### Exercise directions
Look through the entries below for the line with "Womens Cotton Linen" and the line with "Dog Trainer Graphic", then give again exactly those two lines and all lines between them, minus the pictures.

____ Extracted entries

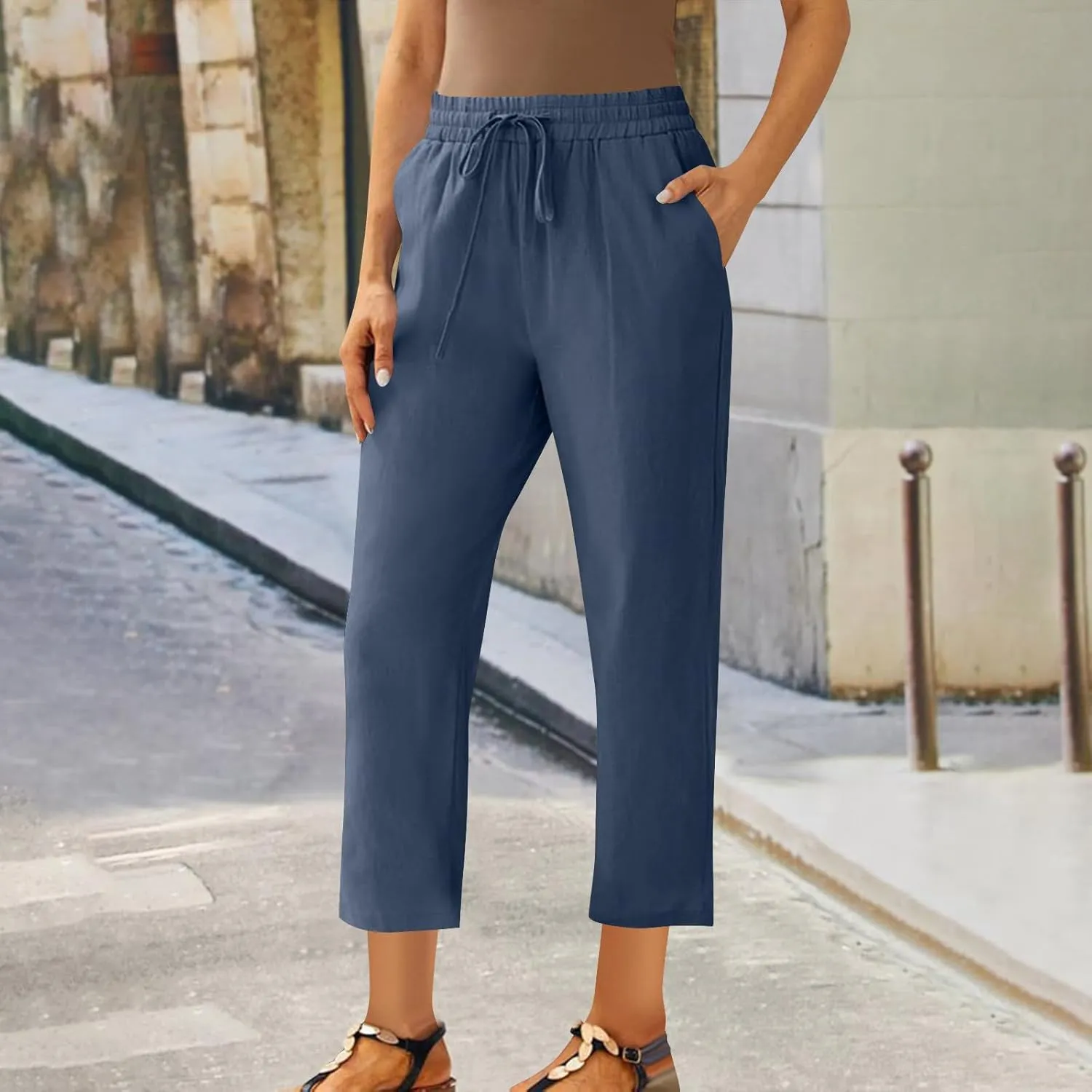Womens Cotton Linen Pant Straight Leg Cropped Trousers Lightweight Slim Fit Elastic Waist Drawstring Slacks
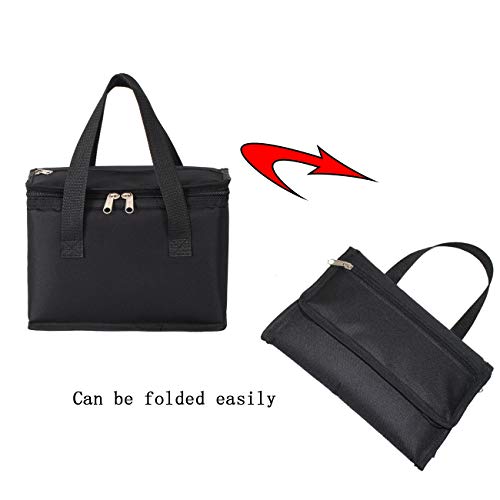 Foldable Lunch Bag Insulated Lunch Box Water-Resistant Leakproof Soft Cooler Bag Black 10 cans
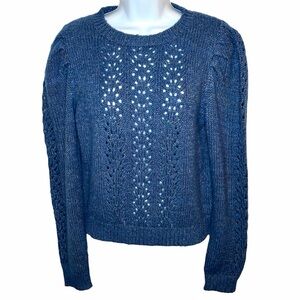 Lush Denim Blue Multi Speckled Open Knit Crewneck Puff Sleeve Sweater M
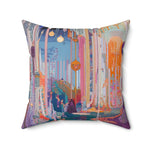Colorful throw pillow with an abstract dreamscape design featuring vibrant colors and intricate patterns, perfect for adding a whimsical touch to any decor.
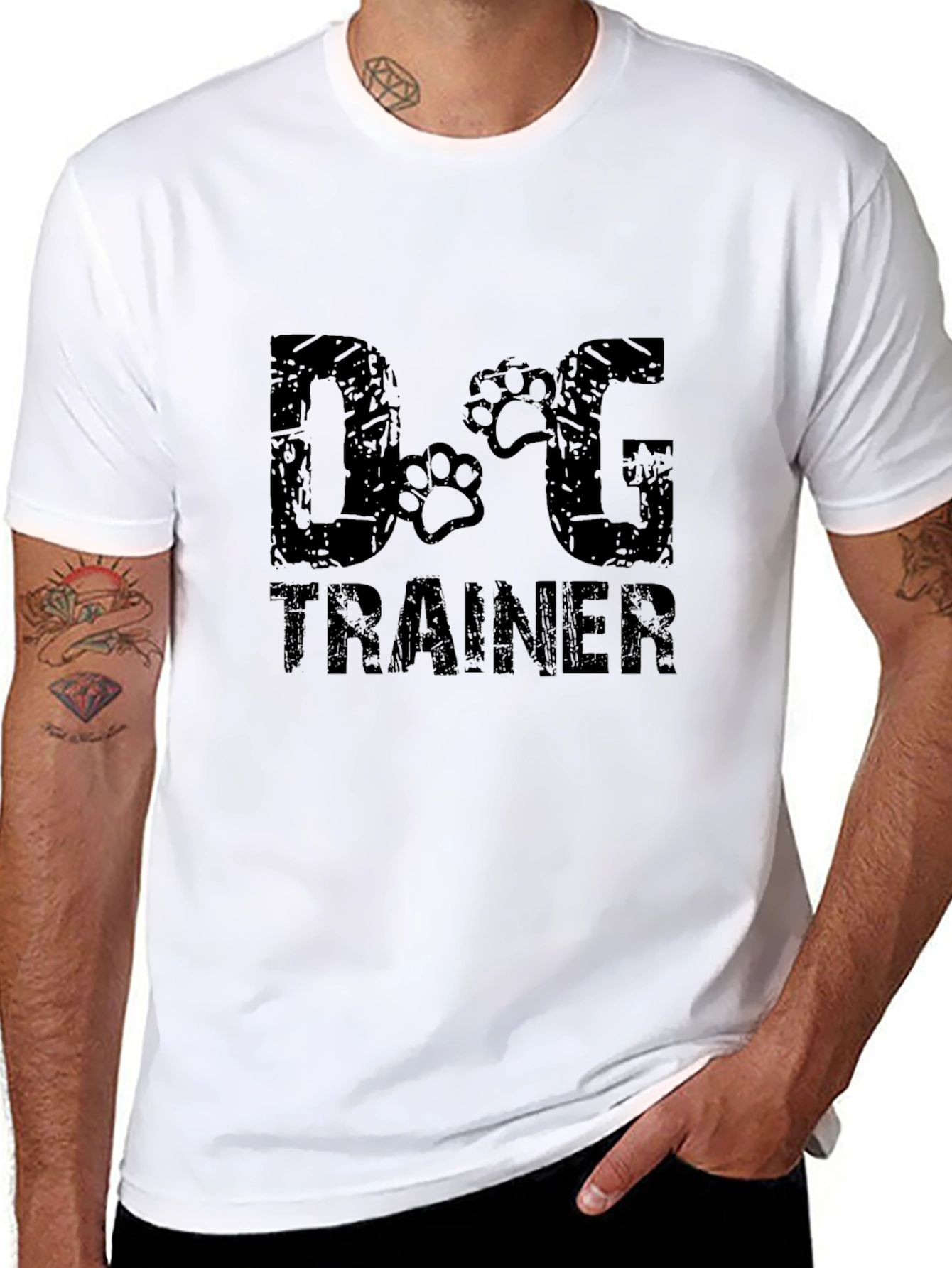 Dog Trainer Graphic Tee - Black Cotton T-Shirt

________
____ Extracted entries

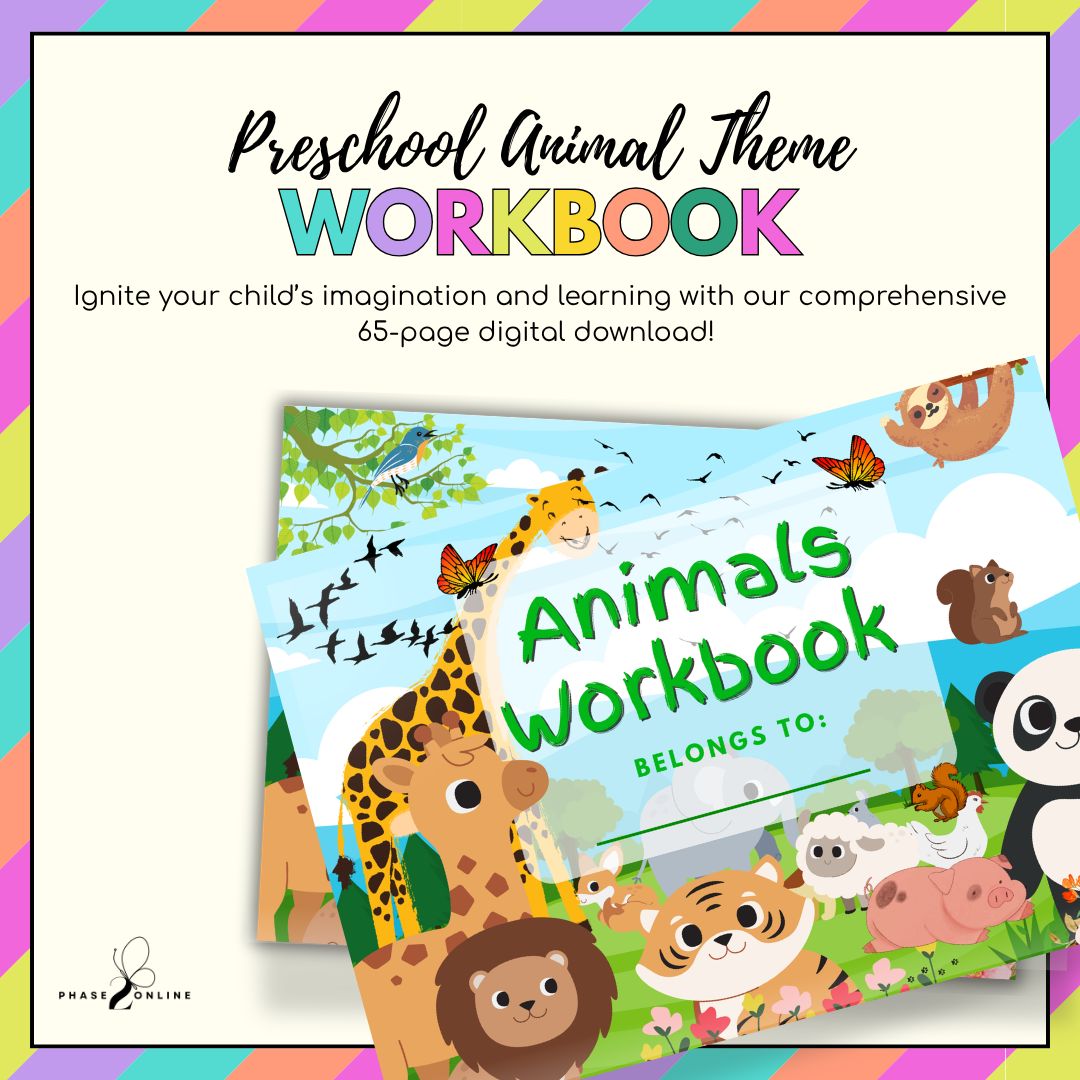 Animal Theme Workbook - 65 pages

________

### The completed task
Womens Cotton Linen Pant Straight Leg Cropped Trousers Lightweight Slim Fit Elastic Waist Drawstring Slacks
 Foldable Lunch Bag Insulated Lunch Box Water-Resistant Leakproof Soft Cooler Bag Black 10 cans
 Lush Denim Blue Multi Speckled Open Knit Crewneck Puff Sleeve Sweater M
Colorful throw pillow with an abstract dreamscape design featuring vibrant colors and intricate patterns, perfect for adding a whimsical touch to any decor.
 Dog Trainer Graphic Tee - Black Cotton T-Shirt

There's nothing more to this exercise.